Rebuilding the House
Jo-Anne Elder
ellipse editor, 2002–2012
Un mot des rédactions / A Word from Some Editors
We decided to move ellipse to Fredericton during a comparative Canadian literature graduate students’ conference in Sherbrooke in 2002. I was there to give a paper on the Sherbrooke School of Literary Translation. Marie-Linda Lord, from the Université de Moncton, was there. We learned that ellipse was either going to close, or find a new publishing team. I told Marie-Linda I thought New Brunswick would be a good place for ellipse, she agreed, and I started to redesign the magazine.
I approached éditions ellipse inc. like building a house. We constructed the scaffold and frame before we settled in. We established a bilingual organization registered as a non-profit company, with bylaws, a mandate, a governance structure, an AGM, and meetings. We did all this before we published our first New Brunswick issue. We physically moved hundreds of cartons of back issues from Sherbrooke to my basement. Monique Grandmangin and Patricia Godbout helped us load the truck and gave us advice; Charly Bouchara sent us the list of subscribers, most of whom remained loyal through the transitions. We prepared one transitional issue to prove that ellipse had moved into its new home, and then remodelled the magazine by publishing a huge, bright blue issue devoted to Fred Cogswell. By that time, we could apply for grants, which provided the foundation and kept the heat on—in both senses of the phrase—for the decade ellipse was housed in the Maritimes.
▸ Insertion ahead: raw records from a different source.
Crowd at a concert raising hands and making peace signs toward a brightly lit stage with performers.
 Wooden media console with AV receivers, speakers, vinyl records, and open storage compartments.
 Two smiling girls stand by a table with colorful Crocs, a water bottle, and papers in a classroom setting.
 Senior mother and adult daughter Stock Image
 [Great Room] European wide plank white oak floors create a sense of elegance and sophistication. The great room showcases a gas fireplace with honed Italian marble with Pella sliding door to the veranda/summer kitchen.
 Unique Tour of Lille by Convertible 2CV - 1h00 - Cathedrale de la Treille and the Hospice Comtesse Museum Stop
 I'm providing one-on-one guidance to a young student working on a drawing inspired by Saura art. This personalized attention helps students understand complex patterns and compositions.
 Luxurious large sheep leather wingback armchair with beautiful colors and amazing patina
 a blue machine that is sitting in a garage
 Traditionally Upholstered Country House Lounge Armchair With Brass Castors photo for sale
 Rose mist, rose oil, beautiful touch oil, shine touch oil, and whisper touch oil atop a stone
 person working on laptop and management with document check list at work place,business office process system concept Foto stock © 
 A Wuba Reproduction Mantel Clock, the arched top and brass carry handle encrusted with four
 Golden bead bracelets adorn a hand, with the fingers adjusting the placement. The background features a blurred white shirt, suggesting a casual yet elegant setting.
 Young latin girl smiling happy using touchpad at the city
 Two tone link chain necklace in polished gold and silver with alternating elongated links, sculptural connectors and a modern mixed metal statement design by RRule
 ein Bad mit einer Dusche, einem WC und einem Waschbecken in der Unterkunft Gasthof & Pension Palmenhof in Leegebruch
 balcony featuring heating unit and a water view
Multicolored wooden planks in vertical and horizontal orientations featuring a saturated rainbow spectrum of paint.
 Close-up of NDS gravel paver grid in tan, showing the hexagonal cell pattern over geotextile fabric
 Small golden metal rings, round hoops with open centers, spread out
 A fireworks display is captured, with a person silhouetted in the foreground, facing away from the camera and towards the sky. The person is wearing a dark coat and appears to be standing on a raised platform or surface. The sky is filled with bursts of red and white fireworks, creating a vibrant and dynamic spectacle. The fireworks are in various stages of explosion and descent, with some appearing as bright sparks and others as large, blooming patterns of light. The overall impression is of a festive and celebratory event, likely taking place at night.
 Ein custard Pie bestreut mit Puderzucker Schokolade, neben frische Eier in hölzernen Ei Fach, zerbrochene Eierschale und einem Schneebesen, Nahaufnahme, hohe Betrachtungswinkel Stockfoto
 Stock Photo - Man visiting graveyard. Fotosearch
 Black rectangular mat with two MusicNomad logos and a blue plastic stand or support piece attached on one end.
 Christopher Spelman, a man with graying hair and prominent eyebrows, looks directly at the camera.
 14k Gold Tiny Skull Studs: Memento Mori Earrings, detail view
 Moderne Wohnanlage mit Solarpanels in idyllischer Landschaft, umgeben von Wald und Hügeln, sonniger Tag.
Creating an entirely new organization around a magazine that already had a venerable reputation as an academic and literary journal was the only way I could ensure its survival in the early 2000s. More than 30 years later and six hundred kilometres away from its first issue, the literary landscape on which ellipse settled was a very different one. I was part-time faculty at the University of New Brunswick, but didn’t foresee attaching ellipse to a university. I was on the editorial board or board of directors of several literary, arts, and community organizations, and a member of writers’ and translators’ associations, and I knew the challenges of arts funding. I also knew that Fredericton and Moncton had communities of hardworking artists. The directors, editors, and many contributors would be artists and Rebuilding the House writers from our region who, for the most part, knew nothing about ellipse. We would run it like a little mag, and in fact renamed it “revue ellipse mag.” We had Francophone and bilingual editors, though two of our board members, Nancy Bauer and Ray Fraser, were English-speaking writers chosen for their experience and commitment to literary organizations. This was part of our mandate: we wanted to develop a culture of literary translation in New Brunswick from the ground up. This meant inviting writers to translate writers, offering translation workshops to students and to the public, and discussing the work of translation as an art form, in a province where it was seen as a service. We published a few issues with one Francophone (not necessarily Québécois) and one Anglophone poet in translation (often Governor General’s Award winners) in the tradition of the Sherbrooke publishers; more often, we compiled work around a theme, often in double issues. One of the issues I am most proud of presented work in Indigenous languages. Often with the help of Hugh Hazelton, my favourite guest editor, we extended our reach to other languages and countries—Argentina and Brazil, for instance. Many Acadian and Atlantic writers, like Herménégilde Chiasson and Joe Blades, both involved in ellipse, are multidisciplinary artists, and it made sense in our vision to feature contemporary Canadian artwork in each issue.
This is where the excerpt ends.